Many companies do not realize it yet, but the consumer packaged goods (CPG) industry is facing a winner-take-all world. A world in which about half of all growth is online (more in certain categories and markets), brick-and-mortar market share and shelf-space prominence do not translate into digital sales, and nimble new competitors with disruptive strategies (as well as a few established players) stake out leadership positions and are then hard to dislodge. A world in which long-standing retail relationships are upended and new retail sales models take hold. In which companies have to earn their market positions with very different approaches and skills.
In this rapidly transforming world, the difference between winning and losing for a $10 billion company with a 30% brick-and-mortar market share could reasonably reach $1.65 billion—approaching 20% of sales. (See Exhibit 1.) A winner-take-all world.
In 2014, BCG published a report about how CPG companies needed to plan for a “1-5-10” market in the US over the subsequent five years. (See “About This Report.”) In this market, the 1% penetration rate of e-commerce will most likely expand to 5% but could quickly accelerate to 10%—or even more in certain categories and locations.
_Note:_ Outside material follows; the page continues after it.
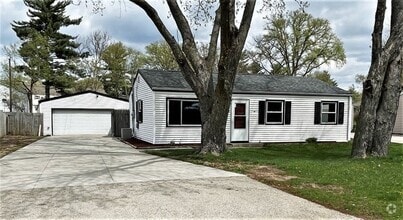 Building Photo - 1118 Emerald Ln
The most likely sector-wide scenario is for e-commerce in the US to average 5% of the mix by 2018, or some $36 billion in annual sales, which would represent about half of total expected CPG sector growth. (See Exhibit 2.) As a result, companies without effective digital capabilities risk stagnation, share loss, or, in some categories, shrinking sales. At 10% penetration it’s an entirely new paradigm. A little more than one year after that report, not only is the industry well on track, but penetration is accelerating.